### [Problem to solve]
Set the data down exactly as it stands, and keep its pictures out.

### [Given material]
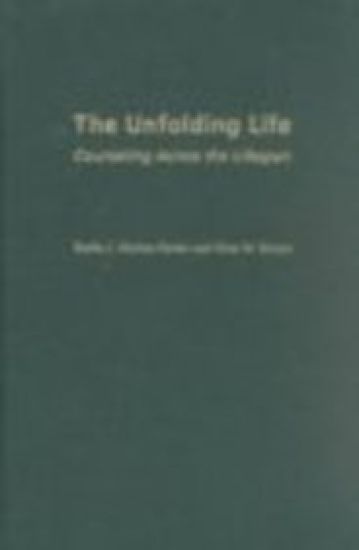 The Unfolding Life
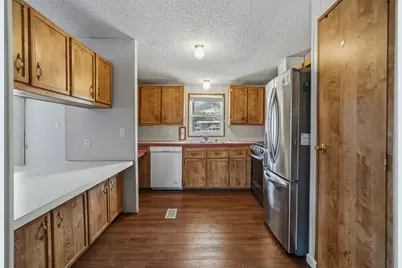 5006 Steinke Drive, Kingman, AZ 86409 - Photo 13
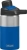 Camelbak Chute Mag Vacuum Stainless .35L Bottle - Cobalt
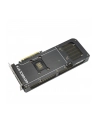 asus Karta graficzna GeForce RTX 5080 Prime OC 16GB GDDR7 256bit 3DP/HDMI - nr 15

### [Output for this exercise]
 The Unfolding Life
 5006 Steinke Drive, Kingman, AZ 86409 - Photo 13
 Camelbak Chute Mag Vacuum Stainless .35L Bottle - Cobalt
 asus Karta graficzna GeForce RTX 5080 Prime OC 16GB GDDR7 256bit 3DP/HDMI - nr 15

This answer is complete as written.